▶ **Data listing**:

********

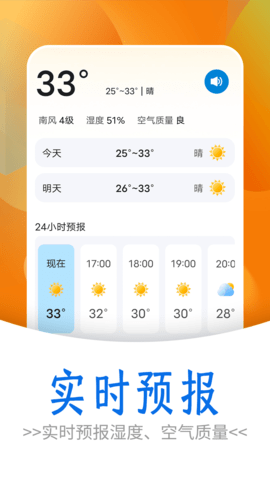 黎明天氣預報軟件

********

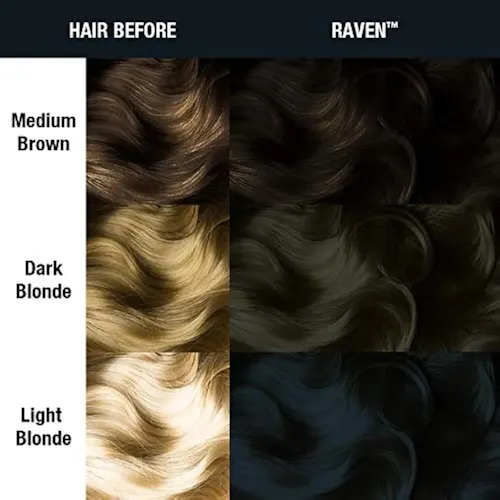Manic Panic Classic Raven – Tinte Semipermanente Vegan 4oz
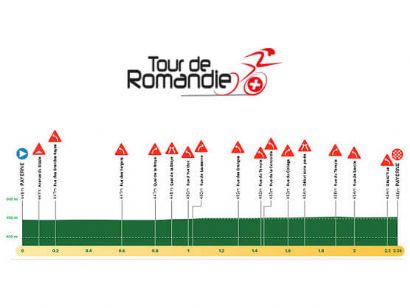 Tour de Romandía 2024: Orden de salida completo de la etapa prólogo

********

Leaving each picture behind, please give again exactly the lines above from the one with "Manic Panic Classic" through the one with "Tour de Romandía", both included, and no others.

Manic Panic Classic Raven – Tinte Semipermanente Vegan 4oz
 Tour de Romandía 2024: Orden de salida completo de la etapa prólogo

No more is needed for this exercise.